Written in a sardonic tone, the worldbuilding is intended to be vast and enveloping. There are many elements to it—class struggles, Morpehnox issues, reasons for childbearing, political (or geographical? Not quite clear) alliances, corporate greed, futuristic folklore, and more. However, there are not many explanations to this world, and it is built through bits and scraps of information handed out irregularly to the reader. There are supposed to be a lot of details to this world but it leaves much to be desired; there are not enough explanations to warrant so much worldbuilding. There seems to be a lot going on yet most of it connects tenuously or not at all and not much of it makes any sense or follows any logic. This keeps the reader from truly understanding the world in the depth that the author intended. Additionally, there’s very little description of landscape or the weather to really drive home the snowed-in frozen country which these characters inhabit (or try to inhabit because it’s supposedly so cold and isolating). The writing is too sarcastic for its own good—all characters exhibit the same unworried and caustic personality and therefore all fall flat. The book incorporates footnotes; however, they are full of ironic remarks that are only a continuation of the writing’s sardonicism rather than helpful.

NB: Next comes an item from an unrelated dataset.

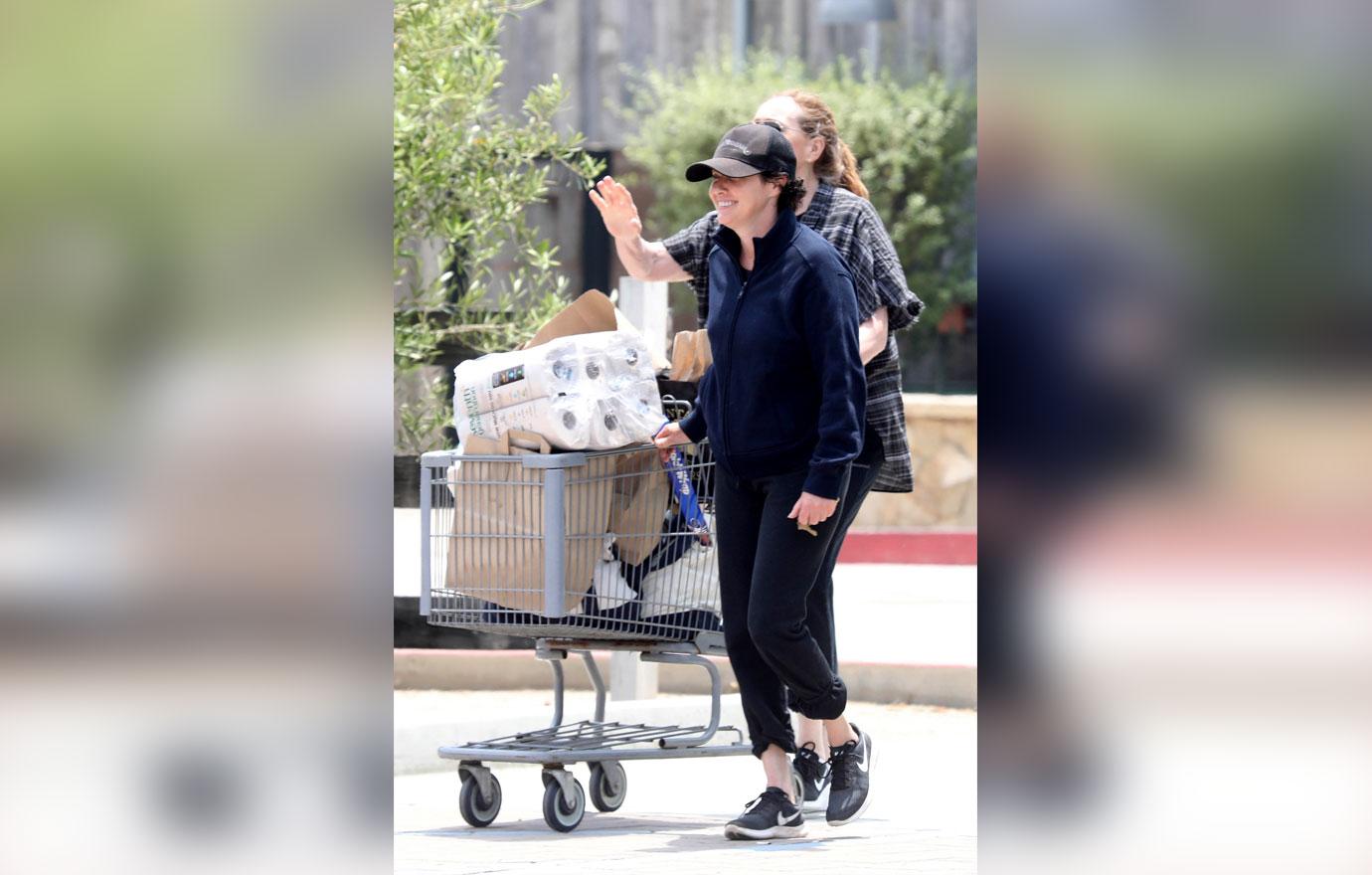 Shannen Doherty Fighting Cancer Grocery Shops With Mom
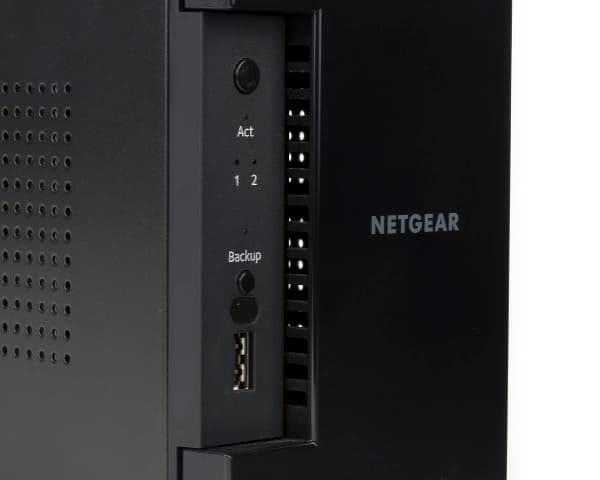 Внешний вид Netgear ReadyNAS 312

The pace of the book is slow, yet towards the end it picks up and gears towards a climax and an ending which is hurried and too short to justify the length of the book. However, because the pace tightens towards the end, the climax scene is interesting and makes one wish the entirety of the book had been written this way. Since the characters are flat and the world is full of gaps which the author does not seem aware of, the slow pacing is arduous. The beginning and the ending of the book are fine—the beginning is of course an introduction to this futuristic Wales yet is quickly wears off its charm by not providing enough information, and as mentioned the ending has a much more natural pace. The plot in the middle of the books is carried forward mainly by the main character’s idiotic personality and narrowly escaping problems and situations through mere stupidity.
This book is inventive but not enough, as it doesn’t back up its own claims to imagining a dense futuristic world affected by climate change. The book switches focus often, first on nightwalkers and later on strange dreams and later on to folk figures yet all of this is flimsy and the grasp on inner-story logic is mild. Perpetually tongue-in-cheek, at times this tone hits well and some parts are genuinely funny; most are not.
I do not recommend this book. The premise of the book was promising yet its execution was not.